Task to carry out: Output the line that contains "Продава 3-СТАЕН, гр.", then every line beneath it through the end of the records, exactly as given and with no other lines.

Provided data:
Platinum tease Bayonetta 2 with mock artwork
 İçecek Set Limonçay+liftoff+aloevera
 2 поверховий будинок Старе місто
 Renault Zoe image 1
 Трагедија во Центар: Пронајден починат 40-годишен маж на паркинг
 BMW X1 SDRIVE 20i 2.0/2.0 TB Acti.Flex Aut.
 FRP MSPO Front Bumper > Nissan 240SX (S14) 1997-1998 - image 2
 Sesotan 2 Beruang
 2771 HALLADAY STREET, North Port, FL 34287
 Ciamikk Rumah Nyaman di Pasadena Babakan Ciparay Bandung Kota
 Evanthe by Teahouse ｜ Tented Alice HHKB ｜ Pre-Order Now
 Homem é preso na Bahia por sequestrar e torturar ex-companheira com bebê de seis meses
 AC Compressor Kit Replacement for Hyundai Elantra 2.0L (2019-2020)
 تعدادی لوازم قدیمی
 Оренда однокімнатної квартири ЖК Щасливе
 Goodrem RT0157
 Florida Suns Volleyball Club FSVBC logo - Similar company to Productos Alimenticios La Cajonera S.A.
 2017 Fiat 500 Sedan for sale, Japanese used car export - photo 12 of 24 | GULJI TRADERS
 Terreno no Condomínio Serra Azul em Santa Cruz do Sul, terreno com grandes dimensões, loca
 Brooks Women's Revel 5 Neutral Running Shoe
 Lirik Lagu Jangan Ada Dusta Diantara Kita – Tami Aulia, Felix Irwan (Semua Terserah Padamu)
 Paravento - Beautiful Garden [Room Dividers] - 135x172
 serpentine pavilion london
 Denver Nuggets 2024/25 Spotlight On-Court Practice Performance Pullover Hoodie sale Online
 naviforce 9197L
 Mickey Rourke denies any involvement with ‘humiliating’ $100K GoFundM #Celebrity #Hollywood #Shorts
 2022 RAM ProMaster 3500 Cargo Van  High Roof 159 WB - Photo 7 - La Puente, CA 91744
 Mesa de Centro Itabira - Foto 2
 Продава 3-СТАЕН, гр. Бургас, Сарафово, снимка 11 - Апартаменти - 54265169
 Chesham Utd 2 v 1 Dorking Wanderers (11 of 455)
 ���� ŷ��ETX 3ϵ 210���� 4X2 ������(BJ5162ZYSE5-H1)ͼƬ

Exercise response:
 Продава 3-СТАЕН, гр. Бургас, Сарафово, снимка 11 - Апартаменти - 54265169
 Chesham Utd 2 v 1 Dorking Wanderers (11 of 455)
 ���� ŷ��ETX 3ϵ 210���� 4X2 ������(BJ5162ZYSE5-H1)ͼƬ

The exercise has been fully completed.